Mappa delle operazioni militari della guerra romano-etrusca degli anni 389-386 a.C.
I prigionieri etruschi furono venduti in un'asta pubblica; dopo che l'oro fu restituito alle matrone romane (che avevano contribuito con il loro oro a riscattare Roma dai Galli), ne rimase a sufficienza per fonderne in tre coppe con inciso il nome di Camillo e collocate nel tempio di Giove Ottimo Massimo, ai piedi della statua di Giunone.

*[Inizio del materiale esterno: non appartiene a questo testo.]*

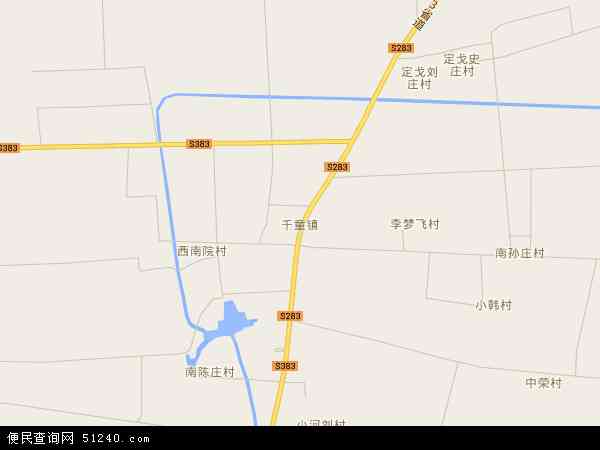 千童镇地图 - 千童镇电子地图 - 千童镇高清地图 - 2024年千童镇地图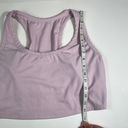 All In Motion Baby Pastel Pink Ribbed Racerback Lightly Lined Cropped Bra Tank Photo 7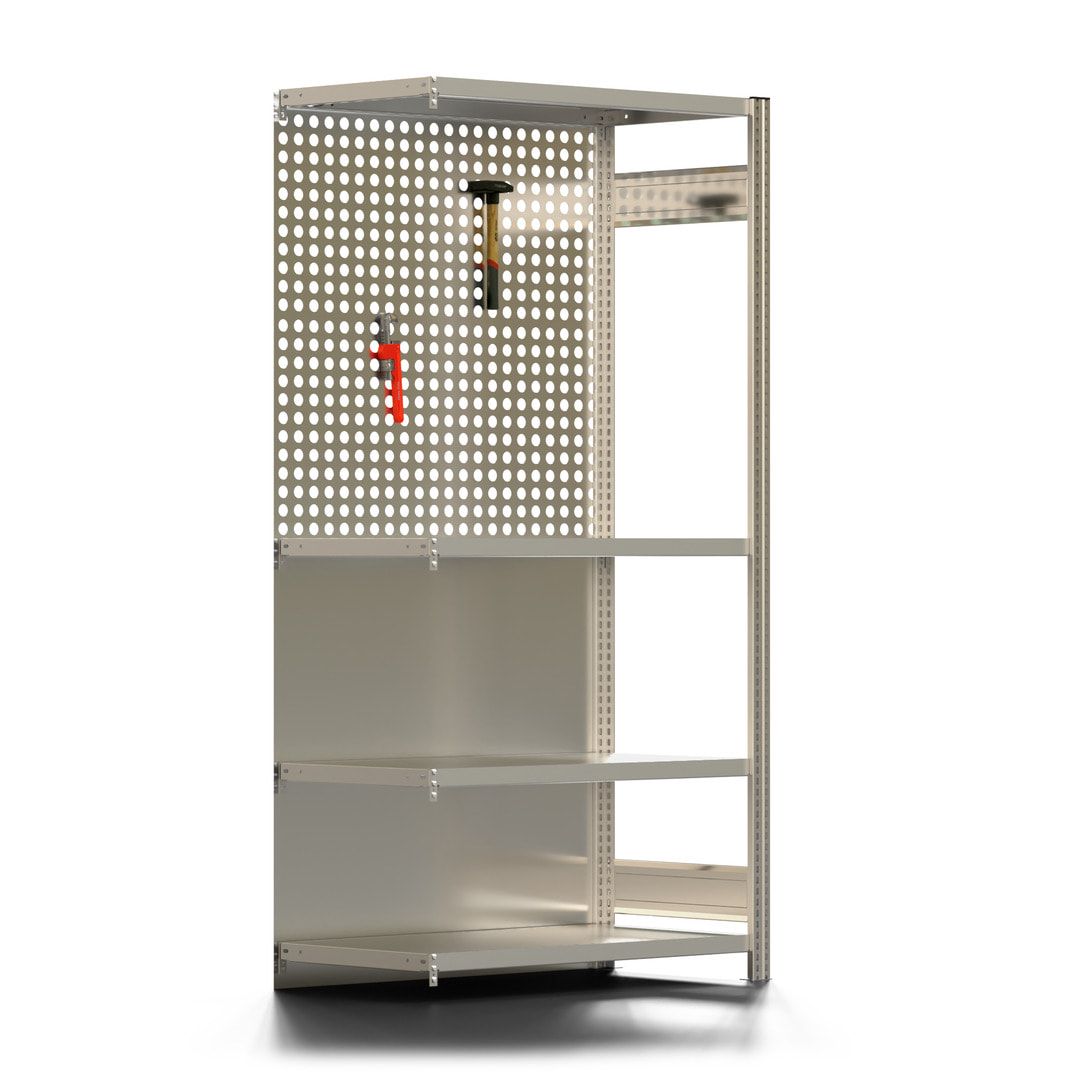 Werkstatt Regal - Steckregal - Anbauregal - Tiefenriegel - 2.000 x 1.005 x 500 mm (HxBxT) - BERT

Livio rimane la nostra unica fonte scritta per gli anni successivi. Egli ricorda che nel 388 a.C. un esercito romano invase il territorio di Tarquinia, dove furono catturate i villaggi di Cortuosa e Contenebra. La prima venne assaltata di sorpresa e cadde al primo assalto. A Contenebra una piccola guarnigione tentò di resistere, ma dopo pochi giorni venne sopraffatta dalle forze romane di molto superiori in numero. L'anno successivo (nel 387 a.C.), ancora gli Etruschi si ribellarono e i Romani furono costretti a chiedere a Camillo di intervenire, mentre egli era appena stato eletto con altri cinque membri, tribuno consolare per il 386 a.C.. Tuttavia Camillo fu costretto ad intervenire contro i Volsci che avevano invaso il territorio Pontino. Ancora una volta, approfittando del fatto che Roma era occupata lungo il fronte meridionale contro i Volsci, gli Etruschi attaccarono le roccaforti di Nepet e Sutrium. Fortunatamente Camillo riuscì a battere i Volsci rapidamente e Roma era riuscita a mettere in campo un secondo esercito. Fu così possibile unire le forze dei due eserciti, posti sotto il comando di Camillo e dell'altro tribuno consolare, P. Valerio Potito Poplicola, e condurre ora la guerra contro le forze etrusche. Presto le armate romane giunsero a Sutrium, che gli Etruschi erano riusciti ad occupare per metà. L'altra parte si difendeva con grande accanimento, strada per strada, barricata per barricata. Camillo divise il suo esercito in due parti, ordinando al suo collega di attaccare le mura dal lato in cui il nemico ne era venuto in possesso. Gli Etruschi così aggrediti da dentro e fuori dalla città, vennero costretti a ritirarsi lasciando sul campo numerosi morti. Dopo aver occupato nuovamente Sutrium, l'esercito romano marciò su Nepet, che da poco si era arresa agli Etruschi a causa del tradimento di alcuni cittadini. Camillo provò in prima istanza a convincere i Nepesini a cacciare gli Etruschi, ma al loro rifiuto, assaltò e catturò la città. Vennero, quindi, trucidati tutti gli Etruschi e gli abitanti di Nepet che si erano schierati dalla loro parte. Venne infine lasciato un presidio romano nella città. Dopo questa vittoria sembra regnò la pace tra Romani ed Etruschi fino al 358 a.C., quando Roma fu costretta, ancora una volta, ad intervenire contro Tarquinia.